▸ WHAT IS BEING ASKED
Leaving out the pictures, please reproduce exactly and only the lines from the one that contains "Photo - 334 W Horseshoe Ave" through the last line below.

▸ RECORDED DATA
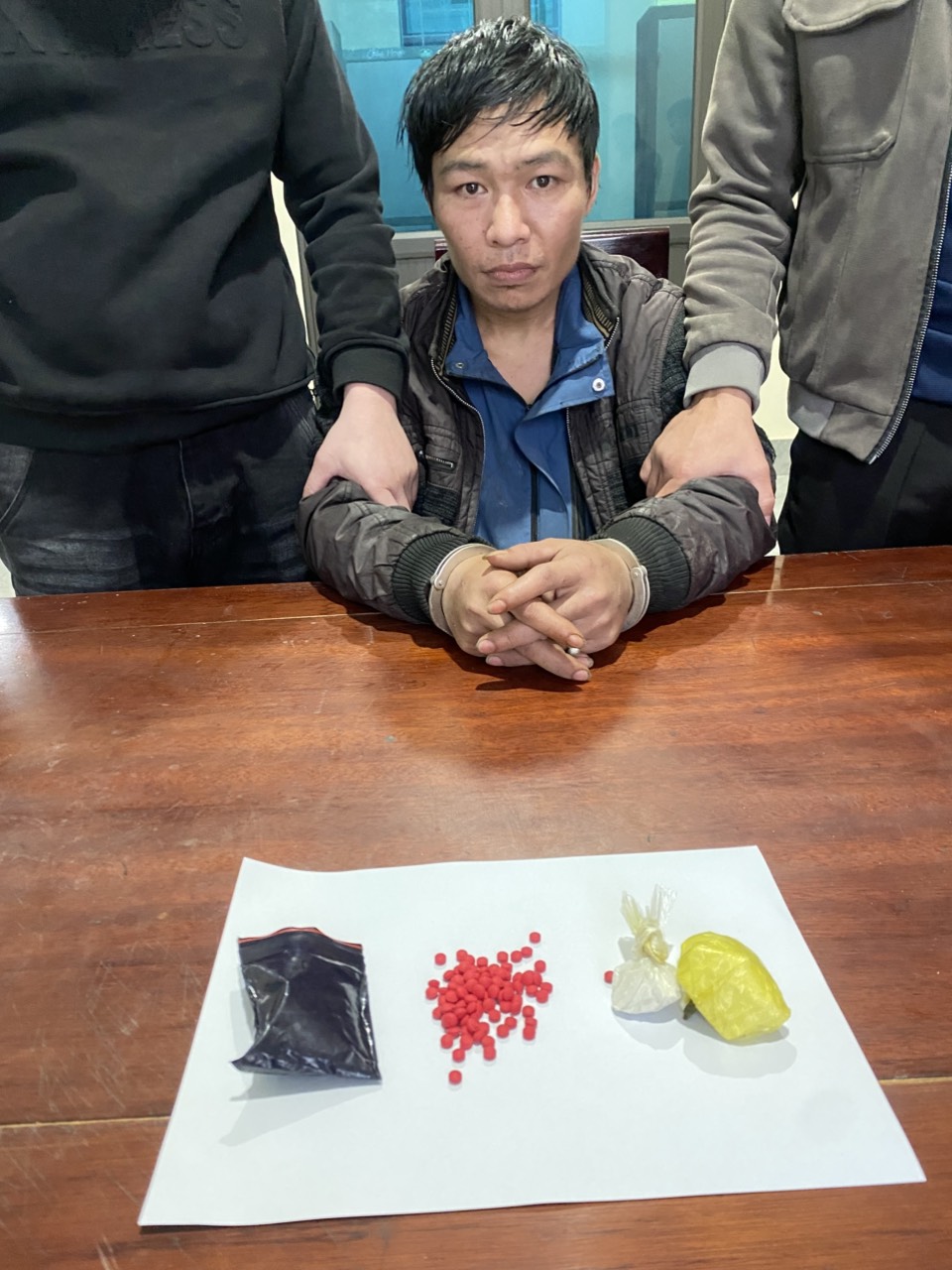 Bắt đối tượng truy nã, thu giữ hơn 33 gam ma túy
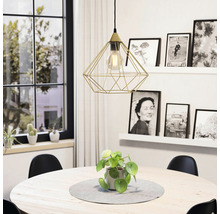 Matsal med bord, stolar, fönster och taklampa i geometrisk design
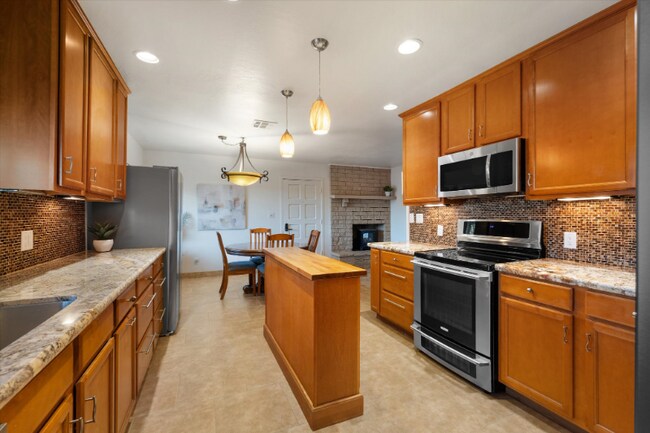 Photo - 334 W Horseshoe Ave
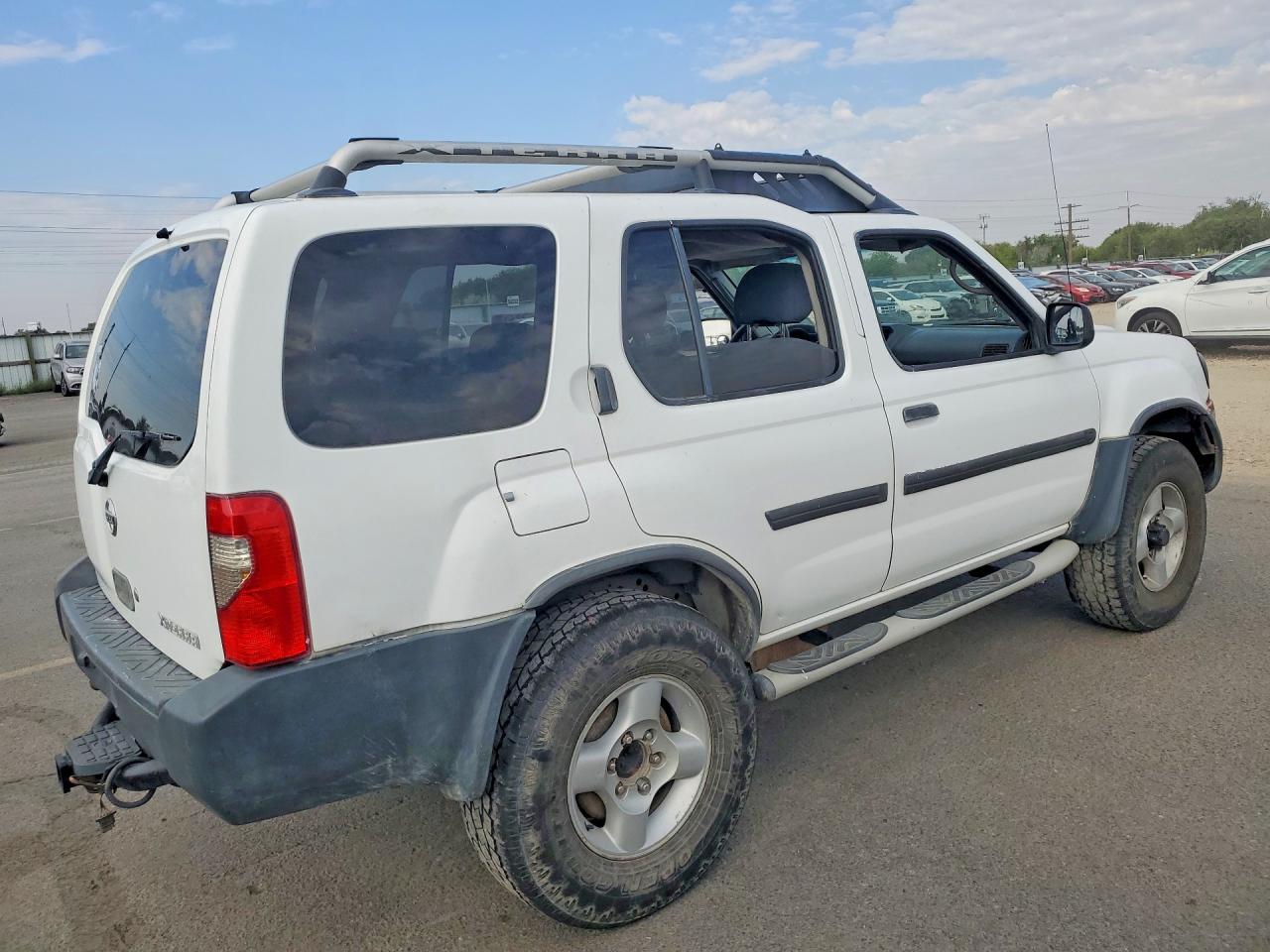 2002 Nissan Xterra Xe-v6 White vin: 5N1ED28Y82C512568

▸ RESULT OF THIS TASK
 Photo - 334 W Horseshoe Ave
 2002 Nissan Xterra Xe-v6 White vin: 5N1ED28Y82C512568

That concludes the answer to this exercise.